Altamente rischiosi sono gli agenti del sangue (come l’acido cianitrico) che, sostituendosi all’ossigeno trasportato nel sangue dall’emoglobina, impediscono l’ossigenazione dell’organismo. Mentre generalmente non letali sono quelli incapacitanti, che causano allucinazioni e confusione mentale.
Utilizzate fin dall’antichità, le armi chimiche vennero impiegate in maniera strategica (e non nell’ambito di iniziative individuali) solo a partire dalla Prima Guerra Mondiale. A servirsene per decimare le truppe nemiche furono in principio gli eserciti di Francia e Germania, soliti ad armare le granate con cloro e fosgene. Una pratica che causò la morte di quasi 100 mila persone e la menomazione di un altro milione.
Nella Seconda Guerra Mondiale, le armi chimiche furono utilizzate, oltre che in battaglia (da Giappone e Germania in primis), anche nei campi di concentramento, con i nazisti che misero a punto un insetticida a base di cianuro, lo Zyklon B, per sterminare ebrei, gitani e omosessuali nelle camere a gas.

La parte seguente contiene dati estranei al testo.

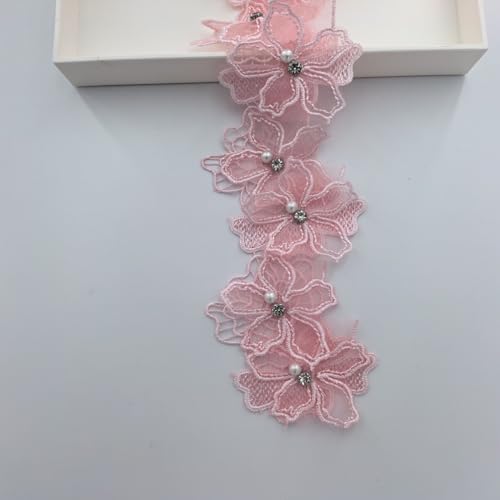 3D-Blumenspitzenbesatz, Perlen, bestickter Stoff, Blumenapplikationen, Spitzenband, handgefertigt, DIY-Nähbedarf, Handwerk für Kostüm, Hut, Dekoration (Rosa) von BUYSK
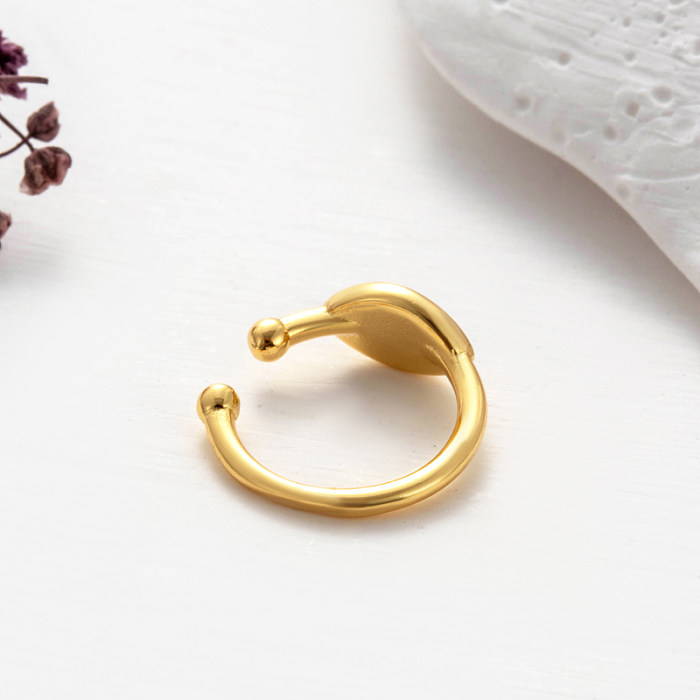 1 peça elegante brilhante geométrico olho cobra chapeamento incrustação zircão de aço inoxidável 18K punhos de orelha banhados a ouro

Vent’anni più tardi fu la volta degli Stati Uniti, in Vietnam: un erbicida denominato Agente Arancio, ufficialmente utilizzato per rimuovere le foglie degli alberi e stanare i Vietcong, causò bruciature e modifiche genetiche ereditarie ai civili.
Poi venne l’Iraq di Saddam Hussein e lo sterminio di Halabja, dove nel 1988 - a causa del gas al cianuro - morirono circa 5 mila civili curdi. Un altro gas (il sarin) e un altro dittatore (Assad) stanno ora scrivendo la storia di un nuovo sterminio. E di una nuova, possibile guerra.